| PROMPT |
Output exactly the lines from the line that has "Postales: ANTIGUA FOTO" through the last line of the data below, with no pictures.

== PROVIDED MATERIAL

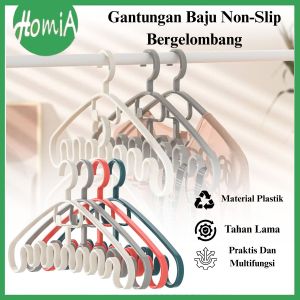 Gantungan Berbentuk Gelombang Kreatif multi-Port Koleksi Serbaguna Celana Dasi Syal Handuk Pakaian Dalam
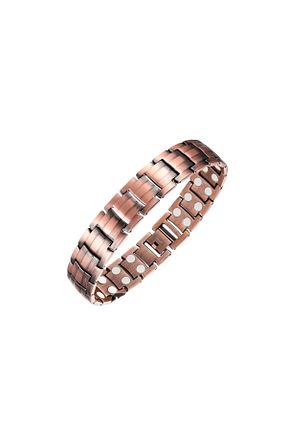 دستبند استیل (فولاد) رنگی مردانه مس Sevilgülgünfinecrafts - کد 924205644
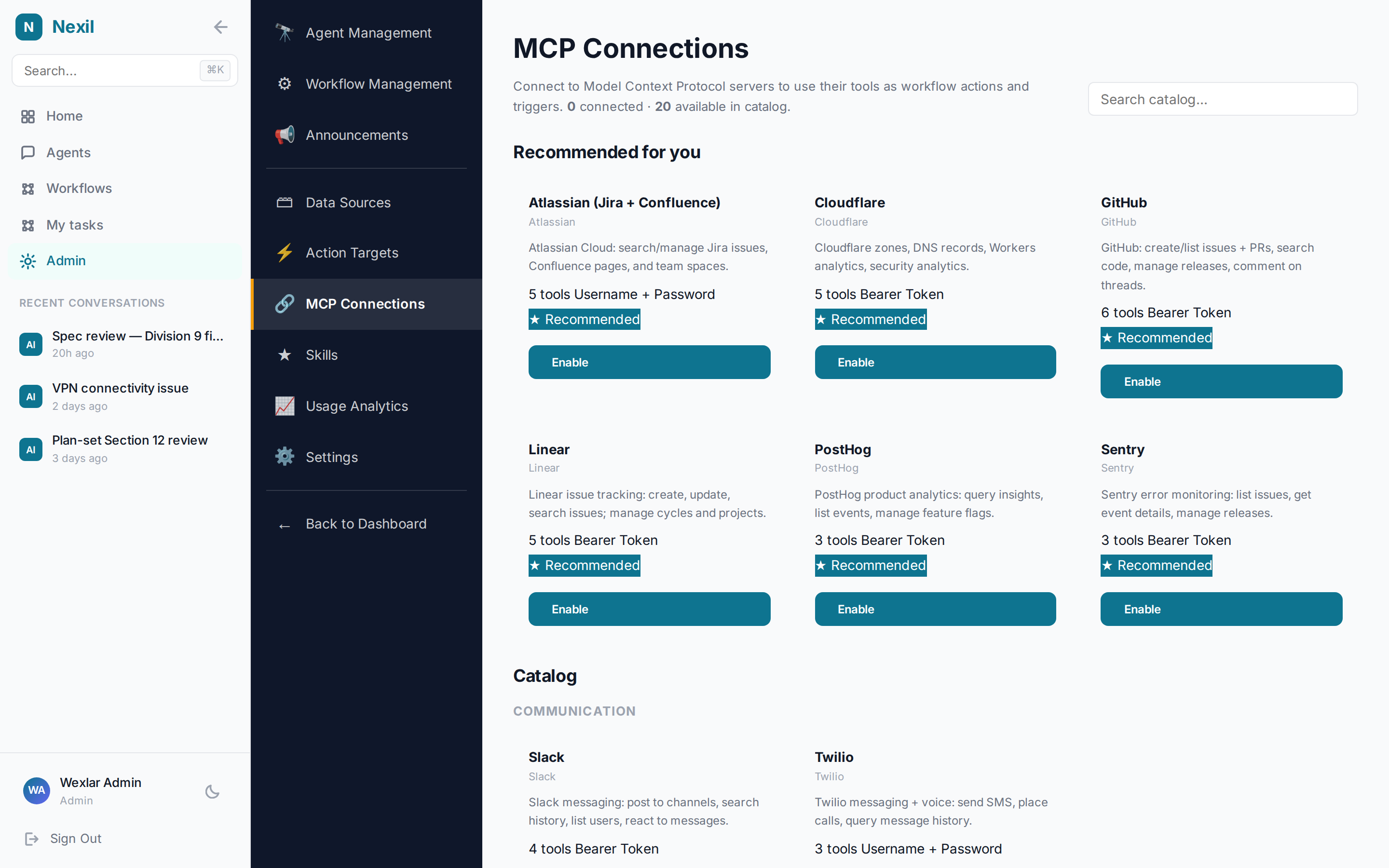 The MCP Connections catalog with vertical-aware Recommended for you tagging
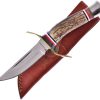 Hen & Rooster Fixed Blade Deer Stag 3.5" Satin Knife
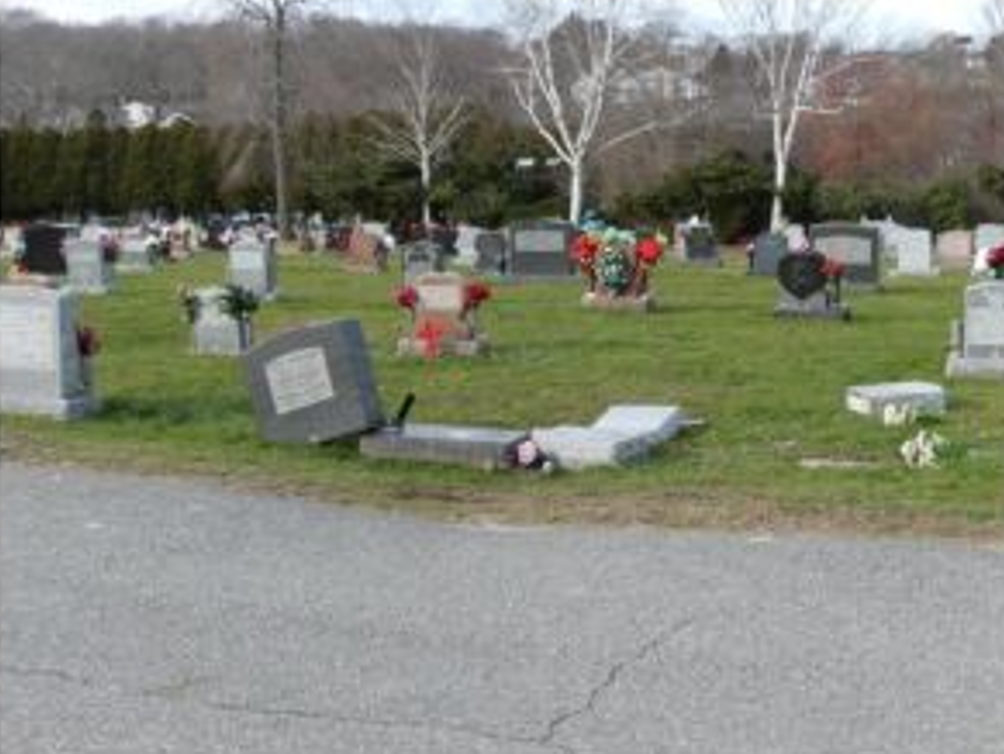 Cemetery vandalism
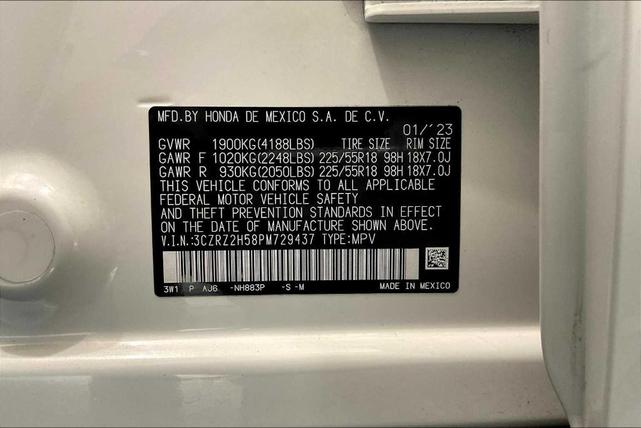 Photo of 2023 Platinum White Pearl Honda HR-V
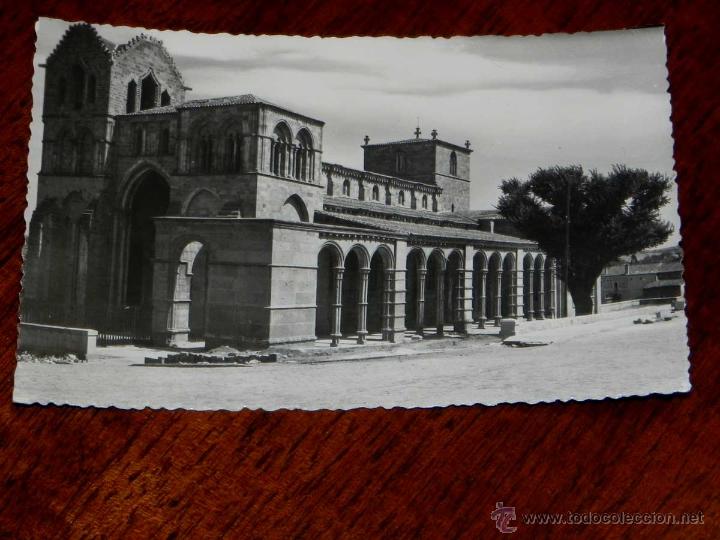 Postales: ANTIGUA FOTO POSTAL - AVILA - IGLESIA DE SAN VICENTE - HELIOTIPIA ARTISTICA ESPA&Ntilde;OLA - 12 - SIN CIRC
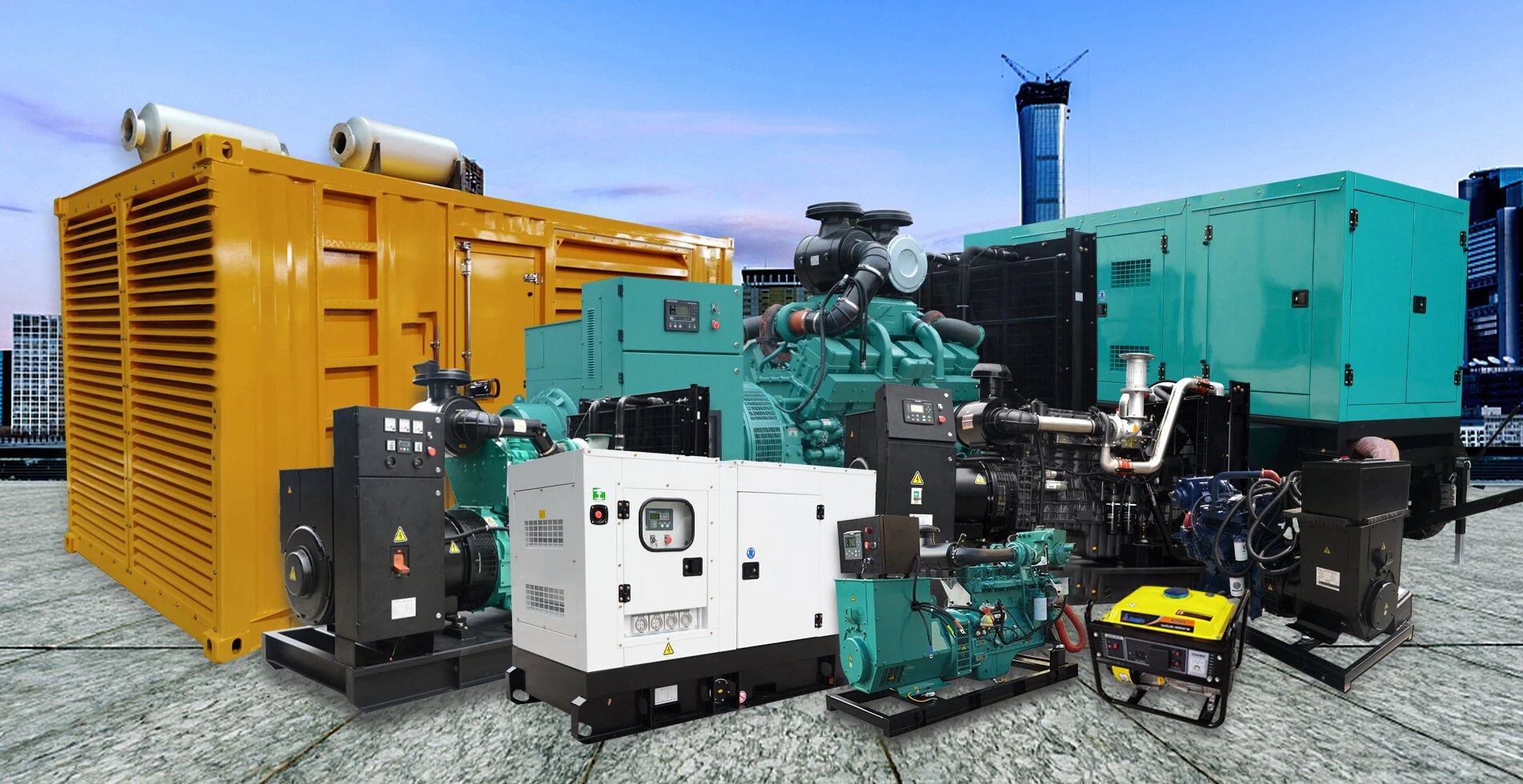 Genset Generator Products Dispaly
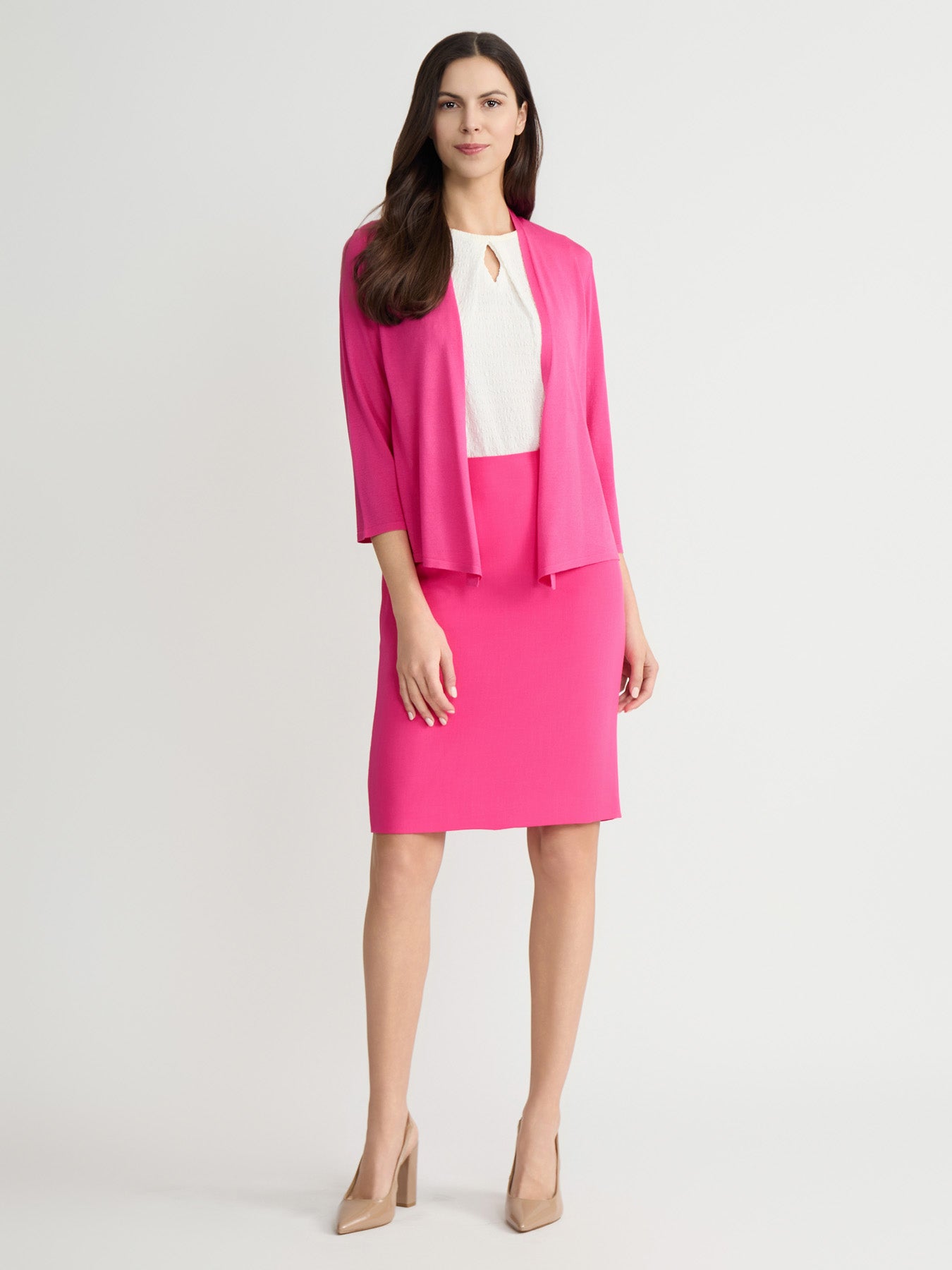 formal cardigan for dress Pink Perfection / M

====

| SOLUTION TO THIS PROBLEM |
 Postales: ANTIGUA FOTO POSTAL - AVILA - IGLESIA DE SAN VICENTE - HELIOTIPIA ARTISTICA ESPA&Ntilde;OLA - 12 - SIN CIRC
 Genset Generator Products Dispaly
 formal cardigan for dress Pink Perfection / M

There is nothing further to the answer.